While the government says it is working to solve this horrific problem for public servants, the situation has become worse. As the Auditor General reports, the government underpaid some employees by $369 million and overpaid others by $246 million, and now we are trying to figure out how to claw back that money. This significant number of individual pay errors did not result in a financially significant error in the government's total reported pay expenses, because overpayments and underpayments basically offset each other.
The Auditor General further explained to our committee yesterday that while the government recorded year-end accounting adjustments to improve the accuracy of its pay expenses, it did not correct the underlying problems, nor did it correct the pay errors that continue to affect thousands of employees.
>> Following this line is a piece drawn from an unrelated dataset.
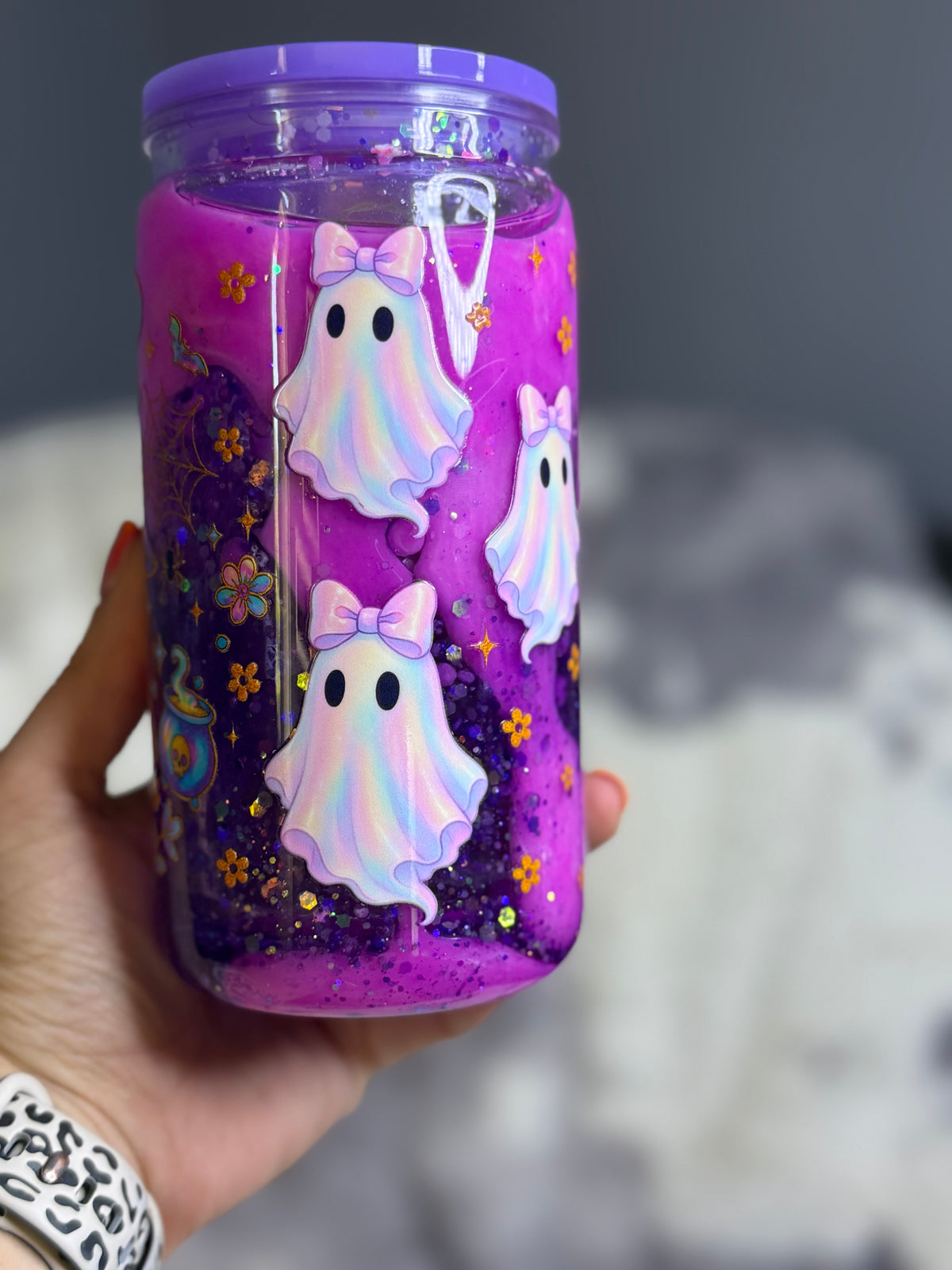 Boo-tiful Spirits Glitter Lava Tumbler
Through budget 2018, the government plans to spend $16 million over two years, beginning in 2018-19, to work with various experts and public servants toward implementing a new pay system. Furthermore, it has committed $431 million over six years beginning in 2017-18 to fix Phoenix.
I have grave concerns, as do some people within the public service, that we do not have the necessary IT expertise to manage complex IT problems like these. These are not being addressed in this budget. People are not being paid. It is unacceptable.
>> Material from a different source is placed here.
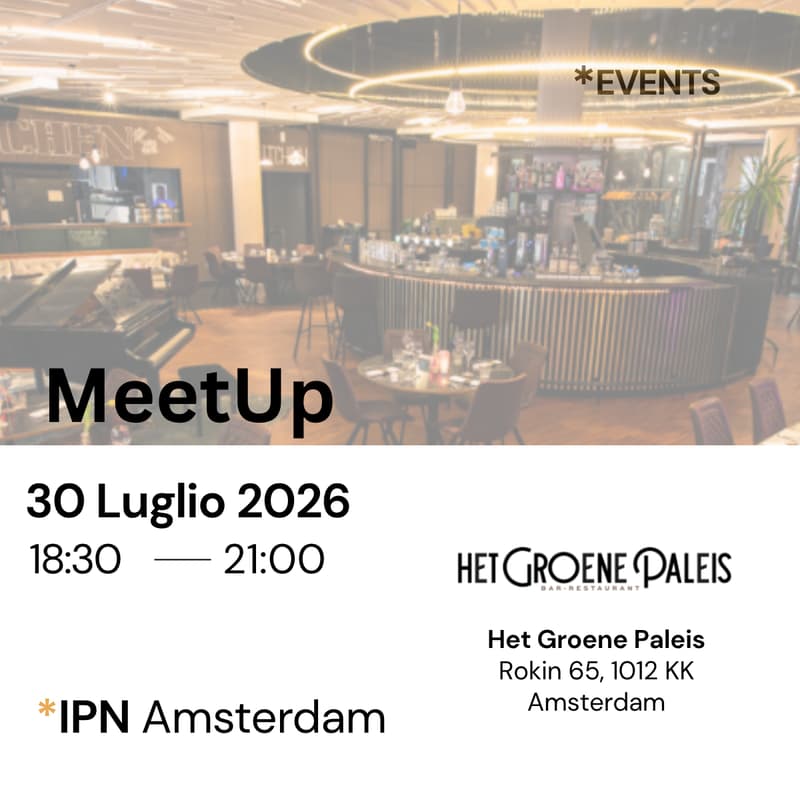 Cover Image for IPN Amsterdam MeetUp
Madam Speaker, as the federal member of Parliament for the Ottawa Valley riding of Renfrew—Nipissing—Pembroke, I welcome this opportunity to inform Canadians about the deteriorating state of the nation's finances, as demonstrated by the legislation before Parliament today.
I begin my comments by reiterating clearly that Conservatives believe in clean air, low taxes and a healthy economy. A clean environment and well-paying jobs are only possible when taxpayers are treated with respect. Bill is 850 pages of failure to treat taxpayers with respect. It is time to stop the policy of the Liberal government to spend this country into bankruptcy.
While claiming to affect climate change in Africa with billions of Canadian taxpayer dollars may assuage the 's vanity and his project to buy a seat on the UN Security Council, his new carbon tax or pollution tax or whatever new name he dreams up for his massive tax scheme this week, next week or next month does not change the fact that a tax is a tax is a tax. Excessive deficit budgets year after year with no credible plan to balance spending with revenue are behind the carbon tax policy.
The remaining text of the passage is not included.